- What you will do -
From the records below, transcribe only the lines running from the one with "The Skiing in" through the one with "Gourmet chocolate truffles, pralines". Keep both of those end lines.

- Exercise material -
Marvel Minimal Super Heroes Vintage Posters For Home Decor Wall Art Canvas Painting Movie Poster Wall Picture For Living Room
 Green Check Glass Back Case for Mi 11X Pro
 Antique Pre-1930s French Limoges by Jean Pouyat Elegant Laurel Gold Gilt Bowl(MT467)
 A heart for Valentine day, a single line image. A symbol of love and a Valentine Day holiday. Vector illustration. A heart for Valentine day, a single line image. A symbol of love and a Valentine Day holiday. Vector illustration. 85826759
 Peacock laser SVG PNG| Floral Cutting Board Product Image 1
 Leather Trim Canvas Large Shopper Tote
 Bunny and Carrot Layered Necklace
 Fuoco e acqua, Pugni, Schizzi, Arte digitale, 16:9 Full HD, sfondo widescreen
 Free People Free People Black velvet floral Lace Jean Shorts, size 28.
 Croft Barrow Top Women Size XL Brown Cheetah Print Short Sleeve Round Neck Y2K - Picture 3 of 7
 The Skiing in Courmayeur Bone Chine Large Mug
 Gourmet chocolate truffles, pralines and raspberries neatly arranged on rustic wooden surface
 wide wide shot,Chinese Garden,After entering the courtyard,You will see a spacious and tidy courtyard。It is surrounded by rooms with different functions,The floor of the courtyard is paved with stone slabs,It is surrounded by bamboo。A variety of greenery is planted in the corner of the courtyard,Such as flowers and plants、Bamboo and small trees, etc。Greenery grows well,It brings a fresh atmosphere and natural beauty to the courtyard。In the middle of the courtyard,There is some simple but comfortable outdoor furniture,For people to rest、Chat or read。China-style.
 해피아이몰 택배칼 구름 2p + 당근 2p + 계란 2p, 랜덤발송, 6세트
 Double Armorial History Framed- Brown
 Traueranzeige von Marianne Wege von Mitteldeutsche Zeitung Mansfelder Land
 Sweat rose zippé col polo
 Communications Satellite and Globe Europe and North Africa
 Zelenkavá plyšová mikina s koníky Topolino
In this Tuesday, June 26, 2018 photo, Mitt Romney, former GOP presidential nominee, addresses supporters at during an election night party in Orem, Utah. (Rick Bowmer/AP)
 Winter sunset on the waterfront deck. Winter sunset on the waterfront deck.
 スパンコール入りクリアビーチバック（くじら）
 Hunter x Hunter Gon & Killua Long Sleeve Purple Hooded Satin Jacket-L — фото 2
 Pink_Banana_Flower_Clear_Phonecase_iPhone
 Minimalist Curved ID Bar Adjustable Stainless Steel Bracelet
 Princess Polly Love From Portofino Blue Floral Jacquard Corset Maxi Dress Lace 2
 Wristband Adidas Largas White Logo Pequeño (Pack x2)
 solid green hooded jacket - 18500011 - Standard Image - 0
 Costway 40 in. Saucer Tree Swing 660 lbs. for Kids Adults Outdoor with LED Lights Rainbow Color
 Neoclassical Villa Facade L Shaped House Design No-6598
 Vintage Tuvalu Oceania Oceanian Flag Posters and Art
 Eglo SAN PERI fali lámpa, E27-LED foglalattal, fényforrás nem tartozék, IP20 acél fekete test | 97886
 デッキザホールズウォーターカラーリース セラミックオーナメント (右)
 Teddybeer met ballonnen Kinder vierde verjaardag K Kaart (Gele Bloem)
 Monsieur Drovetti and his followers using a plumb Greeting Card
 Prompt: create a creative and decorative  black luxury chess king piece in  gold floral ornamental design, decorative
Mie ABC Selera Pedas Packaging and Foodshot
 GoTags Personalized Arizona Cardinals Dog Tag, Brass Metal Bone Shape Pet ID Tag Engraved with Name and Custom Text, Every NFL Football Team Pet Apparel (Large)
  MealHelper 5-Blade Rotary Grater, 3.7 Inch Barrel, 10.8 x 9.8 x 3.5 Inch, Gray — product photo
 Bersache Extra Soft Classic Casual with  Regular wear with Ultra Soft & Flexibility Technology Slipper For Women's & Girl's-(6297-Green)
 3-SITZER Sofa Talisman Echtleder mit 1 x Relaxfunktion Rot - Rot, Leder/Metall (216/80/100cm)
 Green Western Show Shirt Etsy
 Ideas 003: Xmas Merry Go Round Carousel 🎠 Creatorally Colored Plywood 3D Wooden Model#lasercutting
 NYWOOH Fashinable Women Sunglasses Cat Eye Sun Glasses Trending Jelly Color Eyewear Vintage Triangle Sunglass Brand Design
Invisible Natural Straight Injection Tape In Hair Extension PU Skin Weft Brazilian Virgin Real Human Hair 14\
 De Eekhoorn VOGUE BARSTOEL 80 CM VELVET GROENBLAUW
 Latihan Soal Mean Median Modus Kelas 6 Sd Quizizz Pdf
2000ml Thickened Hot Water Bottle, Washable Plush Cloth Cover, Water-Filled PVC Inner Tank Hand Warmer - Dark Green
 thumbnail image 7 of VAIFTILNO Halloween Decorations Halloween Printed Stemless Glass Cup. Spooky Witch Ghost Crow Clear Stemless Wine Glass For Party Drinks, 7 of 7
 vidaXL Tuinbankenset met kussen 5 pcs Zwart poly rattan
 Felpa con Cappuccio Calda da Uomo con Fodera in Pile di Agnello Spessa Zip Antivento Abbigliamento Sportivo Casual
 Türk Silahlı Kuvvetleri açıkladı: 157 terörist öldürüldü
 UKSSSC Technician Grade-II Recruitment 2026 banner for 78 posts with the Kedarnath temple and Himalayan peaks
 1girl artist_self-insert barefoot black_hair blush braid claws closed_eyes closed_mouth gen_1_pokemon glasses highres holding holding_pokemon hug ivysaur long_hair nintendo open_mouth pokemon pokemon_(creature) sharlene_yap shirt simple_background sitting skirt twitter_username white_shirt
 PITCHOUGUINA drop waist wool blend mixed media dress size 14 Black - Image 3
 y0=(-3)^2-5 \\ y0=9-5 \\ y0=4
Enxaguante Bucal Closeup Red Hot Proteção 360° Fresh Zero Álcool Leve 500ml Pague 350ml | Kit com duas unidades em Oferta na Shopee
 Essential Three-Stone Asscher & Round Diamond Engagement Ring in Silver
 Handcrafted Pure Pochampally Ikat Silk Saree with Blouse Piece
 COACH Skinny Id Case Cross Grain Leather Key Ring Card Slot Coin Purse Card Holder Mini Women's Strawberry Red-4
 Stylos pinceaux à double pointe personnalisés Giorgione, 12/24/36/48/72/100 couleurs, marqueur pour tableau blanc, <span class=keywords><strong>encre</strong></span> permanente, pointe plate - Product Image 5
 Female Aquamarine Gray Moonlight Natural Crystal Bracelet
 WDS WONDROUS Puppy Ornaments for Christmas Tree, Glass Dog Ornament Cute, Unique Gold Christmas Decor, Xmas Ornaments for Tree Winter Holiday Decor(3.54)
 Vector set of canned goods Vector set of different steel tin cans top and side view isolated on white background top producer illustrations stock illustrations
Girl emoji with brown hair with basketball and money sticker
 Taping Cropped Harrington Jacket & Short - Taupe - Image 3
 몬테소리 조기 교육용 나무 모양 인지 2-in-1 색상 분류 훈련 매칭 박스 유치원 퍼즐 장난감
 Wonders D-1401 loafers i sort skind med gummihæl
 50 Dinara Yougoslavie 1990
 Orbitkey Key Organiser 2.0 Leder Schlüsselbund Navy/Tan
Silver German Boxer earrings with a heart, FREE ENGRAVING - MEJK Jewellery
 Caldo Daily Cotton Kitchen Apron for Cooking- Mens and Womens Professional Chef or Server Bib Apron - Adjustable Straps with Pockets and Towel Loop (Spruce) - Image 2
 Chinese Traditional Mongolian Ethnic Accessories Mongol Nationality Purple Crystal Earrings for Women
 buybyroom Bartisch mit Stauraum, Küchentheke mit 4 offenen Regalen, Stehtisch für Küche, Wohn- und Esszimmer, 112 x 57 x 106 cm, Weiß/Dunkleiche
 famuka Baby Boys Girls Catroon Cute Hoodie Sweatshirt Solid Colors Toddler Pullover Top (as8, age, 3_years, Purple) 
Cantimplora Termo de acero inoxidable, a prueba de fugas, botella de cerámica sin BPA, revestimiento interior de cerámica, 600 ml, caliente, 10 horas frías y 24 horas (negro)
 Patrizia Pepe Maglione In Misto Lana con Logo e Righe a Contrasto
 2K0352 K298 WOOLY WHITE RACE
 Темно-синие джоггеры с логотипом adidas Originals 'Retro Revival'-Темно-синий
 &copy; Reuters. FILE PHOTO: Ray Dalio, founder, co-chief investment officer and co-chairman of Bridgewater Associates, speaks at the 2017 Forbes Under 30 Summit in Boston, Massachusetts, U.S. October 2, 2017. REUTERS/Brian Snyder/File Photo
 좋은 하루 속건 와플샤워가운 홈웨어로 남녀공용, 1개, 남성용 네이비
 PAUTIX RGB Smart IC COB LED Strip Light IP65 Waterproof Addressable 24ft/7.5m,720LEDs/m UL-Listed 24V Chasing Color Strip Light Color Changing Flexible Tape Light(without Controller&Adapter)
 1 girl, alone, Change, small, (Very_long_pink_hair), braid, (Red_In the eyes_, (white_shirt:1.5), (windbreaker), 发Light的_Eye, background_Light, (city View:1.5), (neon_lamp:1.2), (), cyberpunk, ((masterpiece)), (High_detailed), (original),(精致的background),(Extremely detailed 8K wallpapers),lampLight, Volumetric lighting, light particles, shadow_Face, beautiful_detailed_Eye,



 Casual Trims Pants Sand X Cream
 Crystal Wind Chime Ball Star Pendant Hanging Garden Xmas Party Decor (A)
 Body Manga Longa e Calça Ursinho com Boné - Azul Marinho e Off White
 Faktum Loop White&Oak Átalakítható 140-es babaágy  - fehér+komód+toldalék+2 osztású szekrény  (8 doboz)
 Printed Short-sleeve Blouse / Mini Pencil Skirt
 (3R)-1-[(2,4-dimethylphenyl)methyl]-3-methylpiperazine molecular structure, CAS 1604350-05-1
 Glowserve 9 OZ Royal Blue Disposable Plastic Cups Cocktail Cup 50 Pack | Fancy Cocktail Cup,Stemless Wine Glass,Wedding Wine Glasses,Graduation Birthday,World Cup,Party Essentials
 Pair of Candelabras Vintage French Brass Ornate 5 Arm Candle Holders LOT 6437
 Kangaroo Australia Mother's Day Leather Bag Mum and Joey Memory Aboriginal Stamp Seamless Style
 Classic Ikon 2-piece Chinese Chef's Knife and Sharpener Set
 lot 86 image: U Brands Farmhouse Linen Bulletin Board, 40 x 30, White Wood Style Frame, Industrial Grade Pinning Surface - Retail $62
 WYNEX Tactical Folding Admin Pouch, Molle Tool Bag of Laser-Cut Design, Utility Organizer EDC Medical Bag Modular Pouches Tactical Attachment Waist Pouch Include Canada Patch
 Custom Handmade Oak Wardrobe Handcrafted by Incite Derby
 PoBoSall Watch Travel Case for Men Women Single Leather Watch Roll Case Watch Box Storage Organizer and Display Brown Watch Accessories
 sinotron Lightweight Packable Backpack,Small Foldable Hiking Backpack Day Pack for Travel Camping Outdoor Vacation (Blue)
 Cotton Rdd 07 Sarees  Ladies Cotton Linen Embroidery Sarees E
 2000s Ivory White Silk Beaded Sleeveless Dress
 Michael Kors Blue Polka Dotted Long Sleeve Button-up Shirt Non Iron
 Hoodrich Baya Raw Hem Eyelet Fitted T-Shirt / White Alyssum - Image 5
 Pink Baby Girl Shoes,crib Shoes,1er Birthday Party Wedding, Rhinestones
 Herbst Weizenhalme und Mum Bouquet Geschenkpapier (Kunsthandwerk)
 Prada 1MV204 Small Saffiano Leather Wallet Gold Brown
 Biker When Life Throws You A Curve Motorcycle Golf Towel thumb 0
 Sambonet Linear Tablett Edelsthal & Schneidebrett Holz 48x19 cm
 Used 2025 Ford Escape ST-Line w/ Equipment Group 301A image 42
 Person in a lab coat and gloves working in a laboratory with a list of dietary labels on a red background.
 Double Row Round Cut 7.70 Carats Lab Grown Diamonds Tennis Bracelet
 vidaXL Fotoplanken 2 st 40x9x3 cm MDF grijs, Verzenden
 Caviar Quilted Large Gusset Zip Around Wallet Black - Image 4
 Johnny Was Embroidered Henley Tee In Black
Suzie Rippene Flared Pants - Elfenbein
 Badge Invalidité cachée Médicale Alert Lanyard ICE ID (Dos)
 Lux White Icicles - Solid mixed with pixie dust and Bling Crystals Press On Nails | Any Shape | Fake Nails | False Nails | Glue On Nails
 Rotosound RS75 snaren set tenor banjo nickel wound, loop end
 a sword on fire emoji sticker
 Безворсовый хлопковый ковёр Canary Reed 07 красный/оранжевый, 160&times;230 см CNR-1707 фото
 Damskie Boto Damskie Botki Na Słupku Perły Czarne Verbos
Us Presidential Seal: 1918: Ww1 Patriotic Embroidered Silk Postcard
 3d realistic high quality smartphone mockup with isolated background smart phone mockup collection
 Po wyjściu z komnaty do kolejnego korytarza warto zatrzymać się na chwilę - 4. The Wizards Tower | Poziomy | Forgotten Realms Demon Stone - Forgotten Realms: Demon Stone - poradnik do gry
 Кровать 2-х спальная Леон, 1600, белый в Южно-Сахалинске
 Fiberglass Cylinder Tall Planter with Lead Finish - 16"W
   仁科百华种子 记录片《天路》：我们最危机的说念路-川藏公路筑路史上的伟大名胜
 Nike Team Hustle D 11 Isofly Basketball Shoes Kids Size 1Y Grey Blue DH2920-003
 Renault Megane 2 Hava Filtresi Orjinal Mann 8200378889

- Answer section -
 The Skiing in Courmayeur Bone Chine Large Mug
 Gourmet chocolate truffles, pralines and raspberries neatly arranged on rustic wooden surface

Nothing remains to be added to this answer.